Enrico Bonilauri of Emu Building Science believes so. As an architect, certified passive house designer and a building envelope expert, his company works with other architects, contractors, building owners, and construction industry professionals on designing, specifying and installing energy efficient construction systems for buildings. Bonilauri believes that the growth of residential solar is good, but opines that the solar PV panels are part of the “gadget” culture.
“Our buildings and cities aren’t going to be fixed by gadgets,” he said. “If your building quality is poor, PV panels are not going to make it better,” Bonilauri notes. “People need to be able to live and work in a building that is healthy and comfortable and solar does nothing for either health or comfort.”
The First Rule of Energy Optimization
The first rule of energy optimization is use less energy.

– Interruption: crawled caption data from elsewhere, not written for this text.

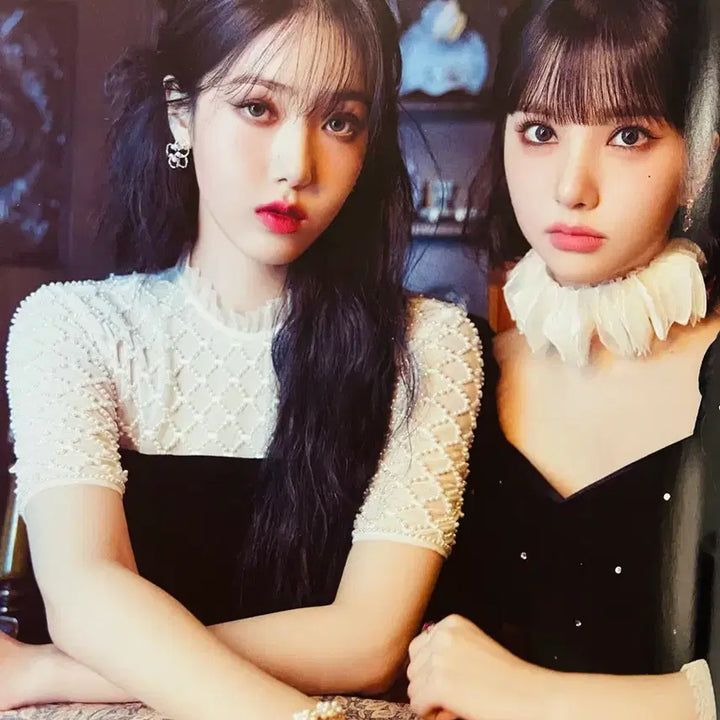 [BUNJANG] Viviz Magazine Photoshoot Split Set / 비비지 잡지화보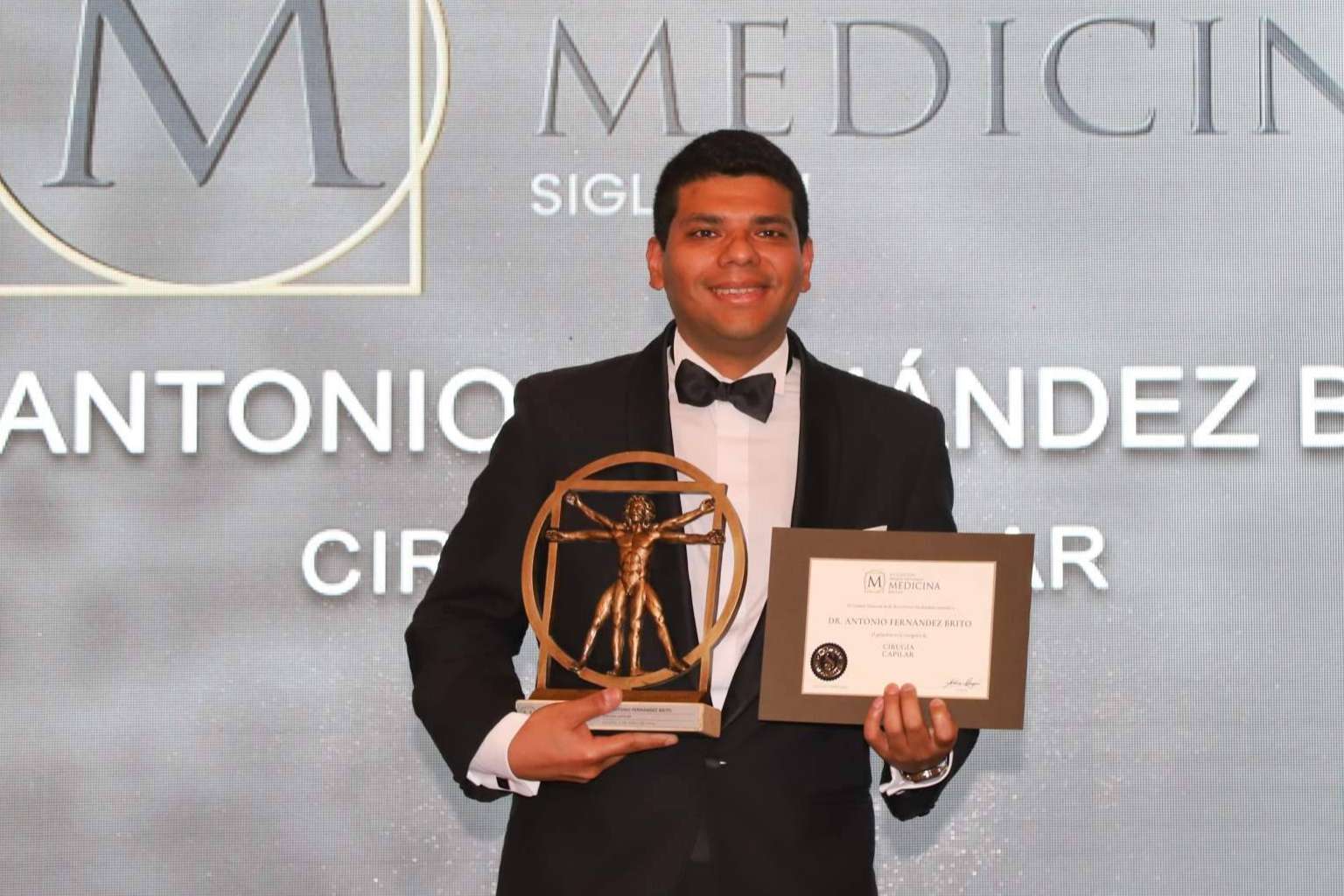 El Dr. Antonio Fernández Brito de Microcapilar Hair Clinic recibió un galardón como Cirujano Capilar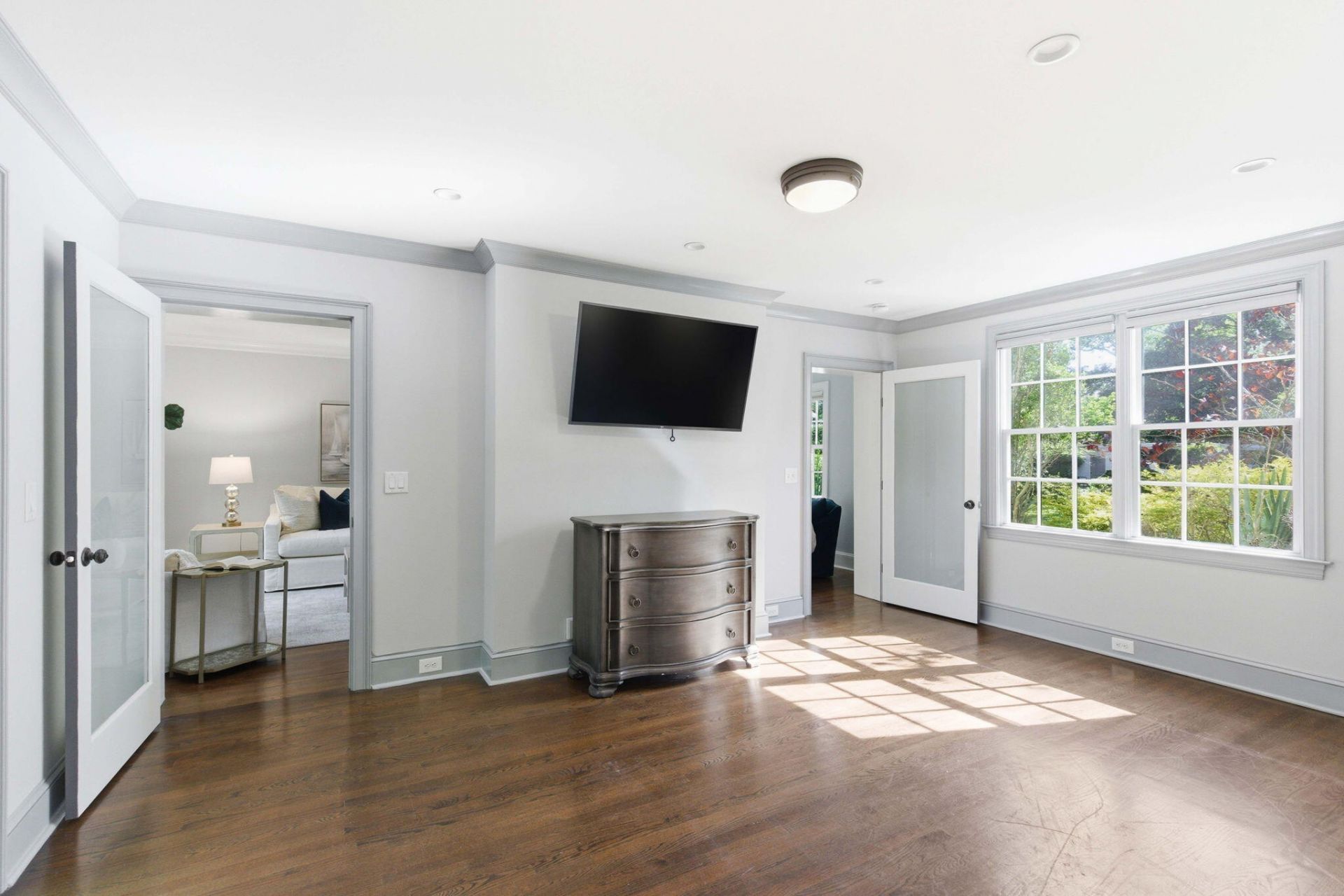 32 Jamestown Road Photo 27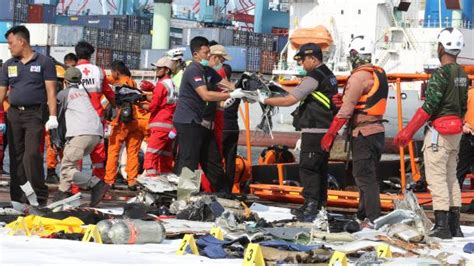 Lion Air Crash Indonesian Authorities Search Underwater For Bodies And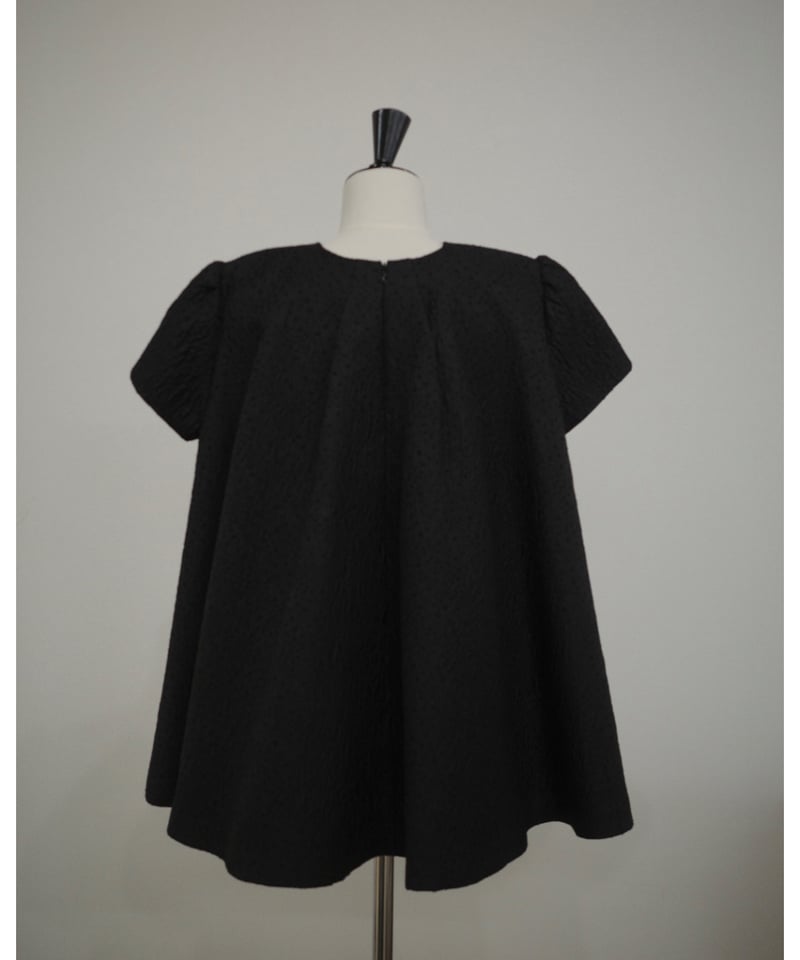 OHGA TENTO 黒 半袖 Aライン トップス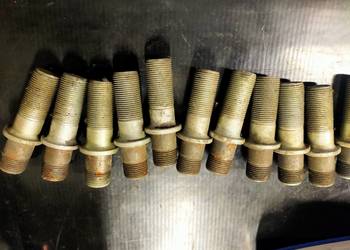 Śruba koła dwustronna M18x1,5/M20x1,5x74 przyczepa Autosan Sanok D35/D47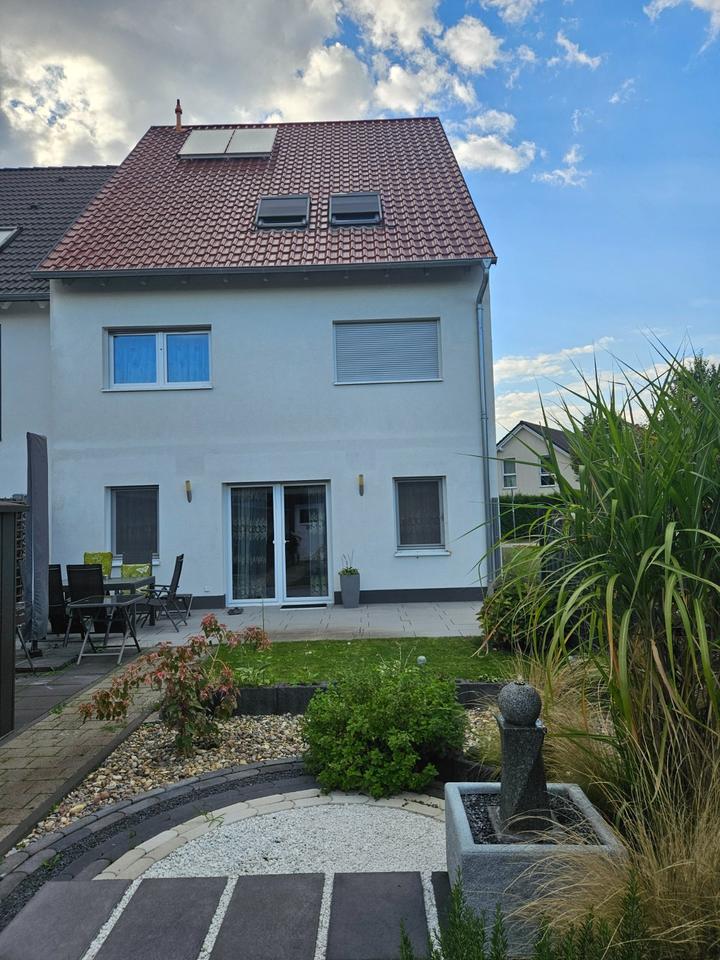 Thumbnail-Reihenhaus 209 qm, Grundstück 256 qm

A typical single family home designed with a PV system that produces as much energy as the home consumes on an annual basis is, by definition, a Net Zero home, according to the DOE. However, Bonilauri says if you take the same house and the same PV system and calculate the coverage on a different time basis, such as monthly, weekly or hourly, the actual coverage provided can drop all the way down to 50 percent or less. Thus, while a Net Zero home has benefits, it can be misleading to consumers who don’t understand these details.
Bonilauri advocates for passive house technology instead, because it’s deeply rooted in sound building science principles -- focusing on climate-specific building practices that ensure health, durability, resilience and energy efficiency. The benefit for homeowners ultimately means a home that’s more comfortable, performs better and is affordable to own.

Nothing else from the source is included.